■ Task details: Reproduce all of the entries below exactly, without a single change.

═════ Given records

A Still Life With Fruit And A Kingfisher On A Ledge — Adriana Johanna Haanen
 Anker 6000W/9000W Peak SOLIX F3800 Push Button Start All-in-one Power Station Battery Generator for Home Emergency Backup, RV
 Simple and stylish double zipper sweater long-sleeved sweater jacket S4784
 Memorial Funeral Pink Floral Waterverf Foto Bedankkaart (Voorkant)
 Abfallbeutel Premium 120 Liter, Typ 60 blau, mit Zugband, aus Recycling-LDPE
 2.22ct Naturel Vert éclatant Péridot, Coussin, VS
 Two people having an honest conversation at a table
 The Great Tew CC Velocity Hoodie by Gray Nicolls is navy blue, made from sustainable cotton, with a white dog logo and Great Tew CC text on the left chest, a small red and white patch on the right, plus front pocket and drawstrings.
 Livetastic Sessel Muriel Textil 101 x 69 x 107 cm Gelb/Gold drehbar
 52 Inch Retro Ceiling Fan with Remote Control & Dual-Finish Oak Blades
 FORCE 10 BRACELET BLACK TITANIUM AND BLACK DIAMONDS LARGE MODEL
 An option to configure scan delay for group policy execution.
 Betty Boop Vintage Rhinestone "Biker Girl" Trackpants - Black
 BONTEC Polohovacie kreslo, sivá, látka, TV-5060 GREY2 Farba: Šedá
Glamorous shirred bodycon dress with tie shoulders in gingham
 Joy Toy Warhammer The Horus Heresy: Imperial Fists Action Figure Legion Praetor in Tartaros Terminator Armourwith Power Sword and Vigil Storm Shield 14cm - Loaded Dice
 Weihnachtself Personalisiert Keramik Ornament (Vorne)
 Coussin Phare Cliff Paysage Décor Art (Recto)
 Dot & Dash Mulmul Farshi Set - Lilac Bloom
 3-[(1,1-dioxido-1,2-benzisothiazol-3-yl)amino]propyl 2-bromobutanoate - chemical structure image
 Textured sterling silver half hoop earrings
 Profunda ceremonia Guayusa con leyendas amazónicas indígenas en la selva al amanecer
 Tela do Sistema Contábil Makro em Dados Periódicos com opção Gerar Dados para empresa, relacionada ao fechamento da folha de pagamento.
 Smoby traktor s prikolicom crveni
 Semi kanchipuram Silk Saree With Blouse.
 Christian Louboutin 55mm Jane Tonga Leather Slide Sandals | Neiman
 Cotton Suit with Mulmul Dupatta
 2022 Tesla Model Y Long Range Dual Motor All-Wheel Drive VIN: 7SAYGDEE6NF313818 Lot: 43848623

══════════

■ Output below:
A Still Life With Fruit And A Kingfisher On A Ledge — Adriana Johanna Haanen
 Anker 6000W/9000W Peak SOLIX F3800 Push Button Start All-in-one Power Station Battery Generator for Home Emergency Backup, RV
 Simple and stylish double zipper sweater long-sleeved sweater jacket S4784
 Memorial Funeral Pink Floral Waterverf Foto Bedankkaart (Voorkant)
 Abfallbeutel Premium 120 Liter, Typ 60 blau, mit Zugband, aus Recycling-LDPE
 2.22ct Naturel Vert éclatant Péridot, Coussin, VS
 Two people having an honest conversation at a table
 The Great Tew CC Velocity Hoodie by Gray Nicolls is navy blue, made from sustainable cotton, with a white dog logo and Great Tew CC text on the left chest, a small red and white patch on the right, plus front pocket and drawstrings.
 Livetastic Sessel Muriel Textil 101 x 69 x 107 cm Gelb/Gold drehbar
 52 Inch Retro Ceiling Fan with Remote Control & Dual-Finish Oak Blades
 FORCE 10 BRACELET BLACK TITANIUM AND BLACK DIAMONDS LARGE MODEL
 An option to configure scan delay for group policy execution.
 Betty Boop Vintage Rhinestone "Biker Girl" Trackpants - Black
 BONTEC Polohovacie kreslo, sivá, látka, TV-5060 GREY2 Farba: Šedá
Glamorous shirred bodycon dress with tie shoulders in gingham
 Joy Toy Warhammer The Horus Heresy: Imperial Fists Action Figure Legion Praetor in Tartaros Terminator Armourwith Power Sword and Vigil Storm Shield 14cm - Loaded Dice
 Weihnachtself Personalisiert Keramik Ornament (Vorne)
 Coussin Phare Cliff Paysage Décor Art (Recto)
 Dot & Dash Mulmul Farshi Set - Lilac Bloom
 3-[(1,1-dioxido-1,2-benzisothiazol-3-yl)amino]propyl 2-bromobutanoate - chemical structure image
 Textured sterling silver half hoop earrings
 Profunda ceremonia Guayusa con leyendas amazónicas indígenas en la selva al amanecer
 Tela do Sistema Contábil Makro em Dados Periódicos com opção Gerar Dados para empresa, relacionada ao fechamento da folha de pagamento.
 Smoby traktor s prikolicom crveni
 Semi kanchipuram Silk Saree With Blouse.
 Christian Louboutin 55mm Jane Tonga Leather Slide Sandals | Neiman
 Cotton Suit with Mulmul Dupatta
 2022 Tesla Model Y Long Range Dual Motor All-Wheel Drive VIN: 7SAYGDEE6NF313818 Lot: 43848623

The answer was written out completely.